DATA FOR ANALYSIS Start Marker
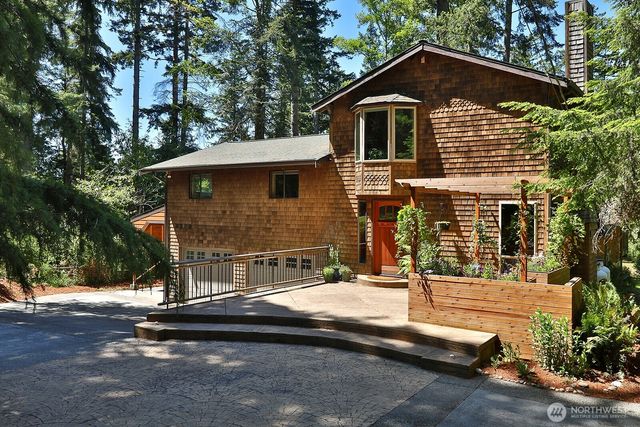 3370 East Harbor Road, Langley, WA 98260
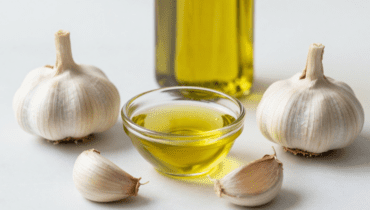 Capillari: come l’olio d’aglio e le fette di cipolla danno sollievo naturale alla circolazione sanguigna Capillari: come l’olio d’aglio e le fette di cipolla danno sollievo naturale alla circolazione sanguigna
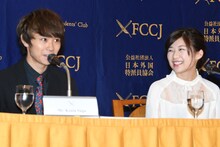 左から須賀健太、伊藤沙莉。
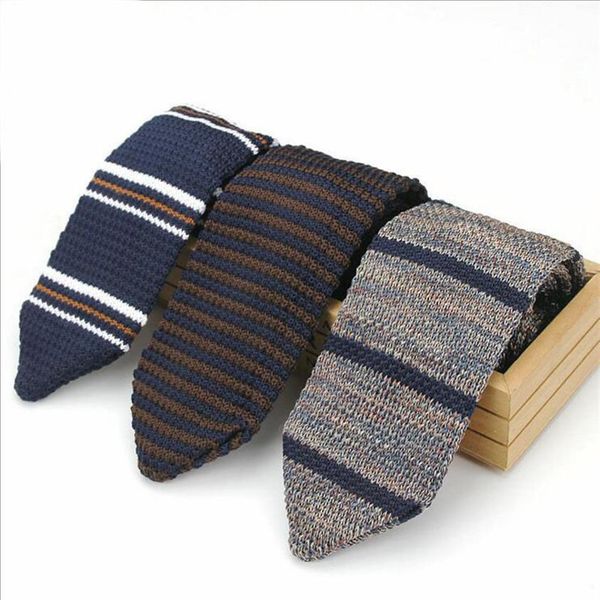 NOVA MACHA DE MATÃO DE MATÃO MACHA MASSAGEM SLIM Designer de malha laços de pescoço Cravam gravatas magras estreitas para homens listrados.
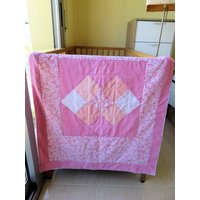 Rosa Handgefertigte Patchwork Babydecke von patchworkLaura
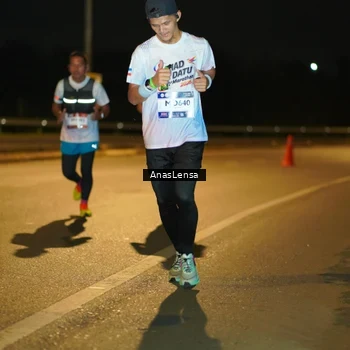 Runner Photo 7665431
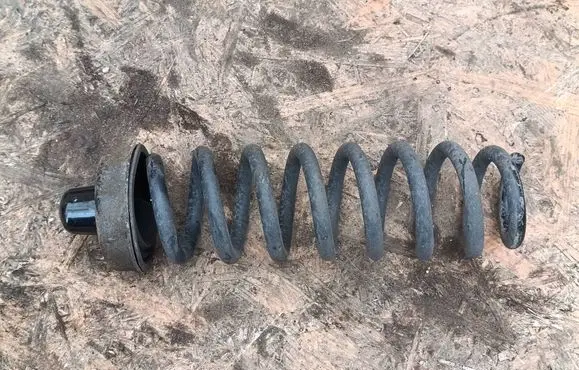 BMW 1 E81 E87 Rear coil spring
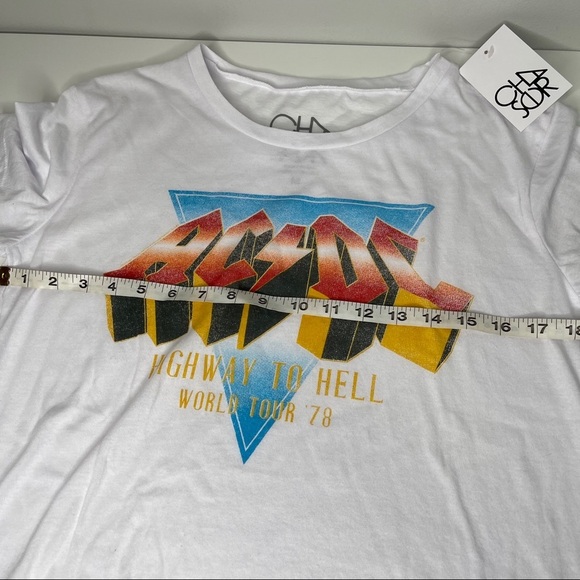 CHASER Brand AC⚡️DC Graphic Tee Shirt size medium - Picture 5 of 7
DATA FOR ANALYSIS End Marker
Could the data above be returned in full, exactly, with every image left out?

TASK ANSWER.
 3370 East Harbor Road, Langley, WA 98260
 Capillari: come l’olio d’aglio e le fette di cipolla danno sollievo naturale alla circolazione sanguigna Capillari: come l’olio d’aglio e le fette di cipolla danno sollievo naturale alla circolazione sanguigna
 左から須賀健太、伊藤沙莉。
 NOVA MACHA DE MATÃO DE MATÃO MACHA MASSAGEM SLIM Designer de malha laços de pescoço Cravam gravatas magras estreitas para homens listrados.
 Rosa Handgefertigte Patchwork Babydecke von patchworkLaura
 Runner Photo 7665431
 BMW 1 E81 E87 Rear coil spring
 CHASER Brand AC⚡️DC Graphic Tee Shirt size medium - Picture 5 of 7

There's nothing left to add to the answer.